原尞さんの沢崎シリーズが好きで、新刊が出れば読みたいのだけど、2018年3月に14年ぶりの新作『それまでの明日』が出てから現在(2024年10月)まで、未だ次作は出ていない。(2023年5月に亡くなられてしまった)
ハードボイルドという呼び方がやわに思えるほどかたくて、二以上の数字が居場所を見失うほどに一人称なその小説は、読むものの頭部にVRゴーグルを装着させて高解像度の映像を展開させてみせるという手法で書かれていて、一旦読み始めるとその世界では自分が”沢崎”になる。

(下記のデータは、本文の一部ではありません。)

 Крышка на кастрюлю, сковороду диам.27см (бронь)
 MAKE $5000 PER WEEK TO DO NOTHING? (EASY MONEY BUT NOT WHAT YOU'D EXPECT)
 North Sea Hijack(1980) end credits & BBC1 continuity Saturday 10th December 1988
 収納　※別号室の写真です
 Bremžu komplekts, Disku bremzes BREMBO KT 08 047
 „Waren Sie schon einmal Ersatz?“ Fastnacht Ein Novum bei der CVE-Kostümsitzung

原さんの愛読者はたくさんおられると思うけど、その作品はあまりに少なく、長篇が5作、短篇集が1作、他にはエッセイが1作か2作。それで全部。だからぼくらはそれらを何度も何度も読み返すしか沢崎になる方法はない。
原さんが寡作である理由を想像してみる。
原さんはおそらく小説を「書く」のに、空中から次のことばを取り出すことで「書く」ことを可能にされているのではないか?

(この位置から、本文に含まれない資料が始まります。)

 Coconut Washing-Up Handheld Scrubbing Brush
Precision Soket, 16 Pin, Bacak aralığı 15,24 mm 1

つまり、原稿にひとつのことばがないと、その続きを「書く」ことができないたちなのではないか?
(もう一度)つまり、《書くことによって初めて繋がりが見えたり、凝集されたりする》という書き方をされるたちなのではないか?
それに対して書かれている対象は”推理小説”と言われるもので、これはそのような、書き出してからその先を創り出す、という手法ではどうにもならんようなもので、ある程度プロットとか仕掛けとか”筋”を想定していなければ、”布石”を打つことができないし、その回収をすることもできないし、ともかくどんな形でもあらかじめの構成を要求するものだ。
そのあたりの在りようは、原さんのお好きな”囲碁”と似ているのかもしれない。